Oddly, the best example of player crafting is in a game that most don’t consider an MMO - Second Life. There, crafters simply create whatever they like - the only limit being their own artistic talent and how to wrangle meshes within a recalcitrant, aging client. And those crafters then turn around and sell their wares for in-game currency that is freely convertible with real world money. Turns out there is quite a market in making dresses that don’t actually have stat bonuses - although most ‘residents’ are content creators in some form or another, the people with actual design and artistic talent can and do make quite a (real-world) living off their efforts. Ironically enough, one of the largest complaints of vendors in Second Life recently is that Linden Lab, SL’s maintainers, recently acquired... an auction house. Thus helping to remove the sense of place and value of service for merchants, as we discussed earlier.
There are other games which have had fairly good success with crafting (Eve and Fallen Earth, for example). The question thus becomes: why bother? After all, we are discussing, in a sense, the drudgery that people presumably play MMOs to escape from, correct?
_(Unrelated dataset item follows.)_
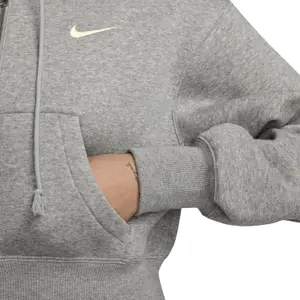 Kort og løs hættetrøje med lynlås til kvinder Nike Phoenix image-2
The answer, of course, is that a rich player crafting system is part of what makes a game a virtual world as opposed to a monster murder simulation. Crafting allows players, at its most basic level, to interact with the world and create one something from various shards of nothing; this helps reinforce that the world has various sensible rules that can be followed for their benefit. At its more advanced level, crafting introduces a level of mercantile gameplay that helps enrich the world and its players beyond their pocketbook - it gives new motives for actions, gives new value to in-game objects and allows players to fill new roles.
Plus, you can watch another bar move from left to right. Never underestimate this.